Answer The factor determining elasticity of supply are as follows: 1. Time period Time has a great influence on elasticity of supply than on demand. Generally, supply tends to be inelastic in the short run because time available to organise and adjust supply to demand would be insufficient. Supply would be more elastic in the long run. 2. Availability and mobility of factors of production When factors of production are available in plenty and freely mobile from one occupation to another, supply tends to be elastic and vice-versa. 3. Technological improvements Modern method of production expand output and hence supply tens to be elastic. Old methods reduce output and supply tends to be inelastic. 4. Cost of production If cost of production rises rapidly as output expands, and then there will not be much incentive to increase in cost. Hence, supply tends to be inelastic and vice-versa. 5. Kinds and nature of market If the seller is selling his or her products in different market, supply tends to be elastic in any one of the market because, a fall in the price in one market will induce him or her to sell in another market. 6. Political condition Political condition may disrupt production of a product. In that case, supply tends to become inelastic. 7. Numbers of seller Supply tends to become more elastic if there are more sellers freely selling their products and vice-versa. 8. Price of related goods A firm can charge a higher charge for its products, if price of other products are higher and vice-versa. 9. Goals of the firm if the seller is happy with small output, supply tends to be inelastic and vice-versa.

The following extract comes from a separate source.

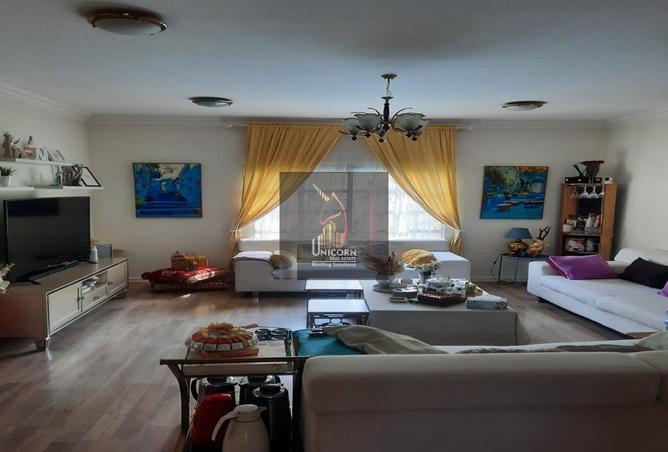 953263 - Property Image 2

Q6. Discuss any two laws of returns to scale with example. Answer- Law of returns The law of returns operates in the short period. It explains the production behavior of the firm with one factor variable while other factors are kept constant. Whereas the law of returns to scale operates in the long period. It explains the production behavior of the firm with all variable factors. (1) Increasing Returns to Scale: If the output of a firm increases more than in proportion to an equal percentage increase in all inputs, the production is said to exhibit increasing returns to scale.

For example, if the amount of inputs are doubled and the output increases by more than double, it is said to be an increasing returns returns to scale. When there is an increase in the scale of production, it leads to lower average cost per unit produced as the firm enjoys economies of scale.

(2) Diminishing Returns to Scale: The term 'diminishing' returns to scale refers to scale where output increases in a smaller proportion than the increase in all inputs. For example, if a firm increases inputs by 100% but the output decreases by less than 100%, the firm is said to exhibit decreasing returns to scale. In case of decreasing returns to scale, the firm faces diseconomies of scale. The firm's scale of production leads to higher average cost per unit produced.